Using s for the distance fallen we can translate Galileo's statement as follows:

t = s / [ (vf + v0)/2 ].

A ball dropped from rest will have position function s = .5 a t^2; since a = 32 ft/s^2 we have s = 16 t^2.

We assume that the time of fall is t. Then using Galilieo's assumption we show that they are consistent with the result we get from s = 16 t^2.

If an object is dropped from rest and falls for time t it will reach velocity vf = a t = 32 t. So the average of its initial and final velocities will be (vf + v0) / 2 = (32 t + 0) / 2 = 16 t.

The distance fallen is s = 16 t^2.

The time to fall distance s = 16 t^2 at average velocity 16 t is s / t = 16 t^2 / (16 t) = t, which agrees with the time the object was allowed to fall.

A numerical example for a given s:

When s = 100, then, t is the positive solution to 100 = 16 t^2. This solution is t = 2.5.

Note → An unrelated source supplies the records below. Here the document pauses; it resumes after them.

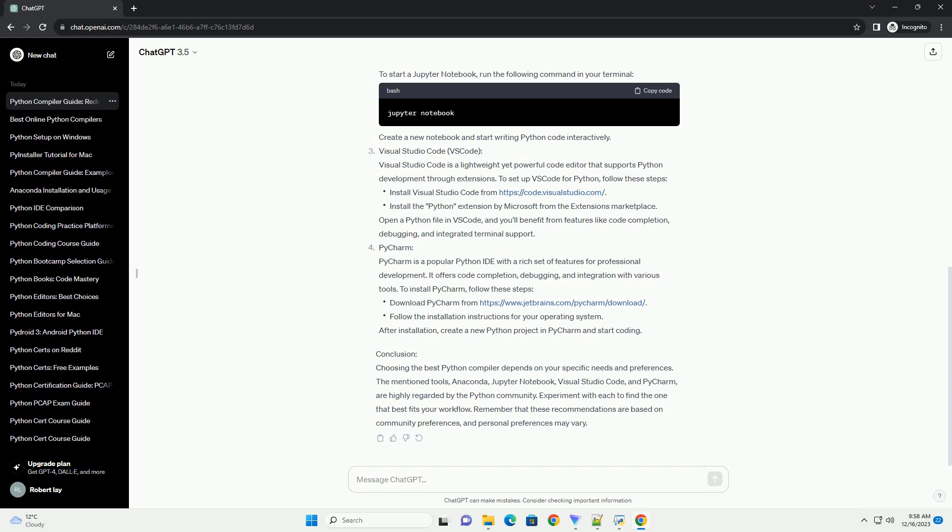Conclusion: Choosing the best Python compiler depends on your specific needs and preferences. The mentioned tools - Anaconda, Jupyter Notebook, Visual Studio Code, and PyCharm - are highly regarded by the Python community.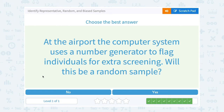At the airport, the computer system uses a number generator to flag individuals for extra screening. Will this be a random sample? Well, yes. If it's being screened by a number generator, those numbers are coming up randomly, so yes.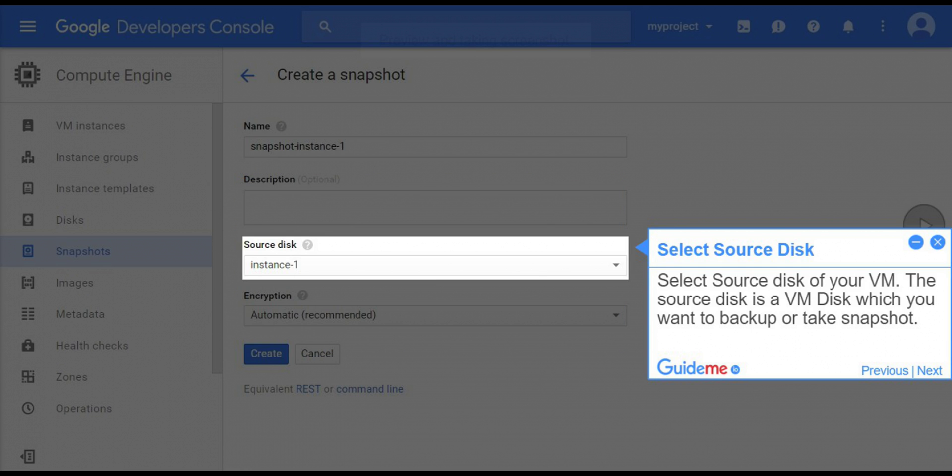Step 6, select source disk. Select source disk of your VM. The source disk is a VM disk which you want to backup or take snapshot.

The velocity function is v = a t. We have to find v when s = 100. When s = 100, we have t = 2.5, as just seen. So v = a t = 32 * 2.5 = 80, representing 80 ft/sec.

Now we know that s = 100, vf = 80 and v0=0. Substituting into t = s / [ (vf + v0)/2 ] we get t = 100 / [ (80 + 0) / 2 ] = 100 / 40 = 2.5.

This agrees with the t we got using s = .5 a t^2.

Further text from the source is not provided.